Financial measures to address ageing promote inequality and weaken the budget

June 27, 2011 • Daily Email Recap

Thanks to Mark O’Conner for this article by Dr Ben Spies Butcher, Lecturer in Economy and Society at Macquarie University in the independent magazine The Conversation, April 26, 2011, which dismisses the myth of an aging ‘crisis’.

Titled “The myth of the ageing ‘crisis'”, Mark points out that it says that despite the constant talking up of a potential ageing crisis, “the evidence of a problem is minimal”.  See

Financial Measures to Address Ageing, Promote Inequality and Weaken the Budget

So far there have been three Intergenerational Reports by Treasury examining the challenges of an ageing population which have consistently been used to justify new policies to address a potential ageing ‘crisis’.

Yet, the evidence of a problem is minimal, and often the measures proposed increase inequality and weaken the budget.

In last year’s budget, the Labor Government announced changes to the aged pension to gradually increase the age at which people will be eligible from 65 to 67. Similar moves in Europe caused riots. In Australia, it was barely noticed.
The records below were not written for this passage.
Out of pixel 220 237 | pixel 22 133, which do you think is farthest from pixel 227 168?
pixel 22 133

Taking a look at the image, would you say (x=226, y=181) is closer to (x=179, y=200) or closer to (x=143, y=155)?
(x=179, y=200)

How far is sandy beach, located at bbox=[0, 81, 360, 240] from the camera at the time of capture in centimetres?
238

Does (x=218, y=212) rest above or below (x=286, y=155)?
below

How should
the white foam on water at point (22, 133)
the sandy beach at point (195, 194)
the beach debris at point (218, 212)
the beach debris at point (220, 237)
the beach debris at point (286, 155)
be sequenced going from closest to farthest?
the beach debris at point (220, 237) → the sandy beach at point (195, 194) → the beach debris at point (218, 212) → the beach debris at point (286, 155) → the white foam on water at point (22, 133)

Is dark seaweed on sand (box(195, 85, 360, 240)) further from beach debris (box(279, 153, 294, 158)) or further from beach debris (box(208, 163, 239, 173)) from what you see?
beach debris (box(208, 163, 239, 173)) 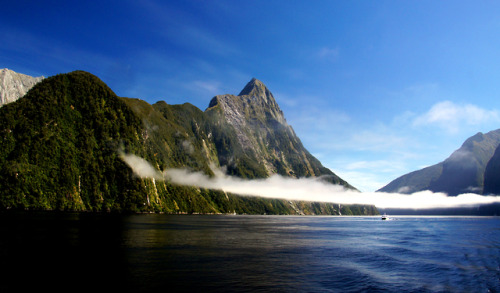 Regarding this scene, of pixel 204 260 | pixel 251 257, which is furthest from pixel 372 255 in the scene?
pixel 204 260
The government has also proposed increasing compulsory superannuation contribution rates from 9% to 12%.

Together these measures seek to shift the balance of retirement policy from public pensions to private savings.

For policy theorists this presents a number of contradictions.

There is little evidence that population ageing will hurt the budget, while measures to support private savings tend to exaggerate inequality and penalise those that provide care for free – particularly women.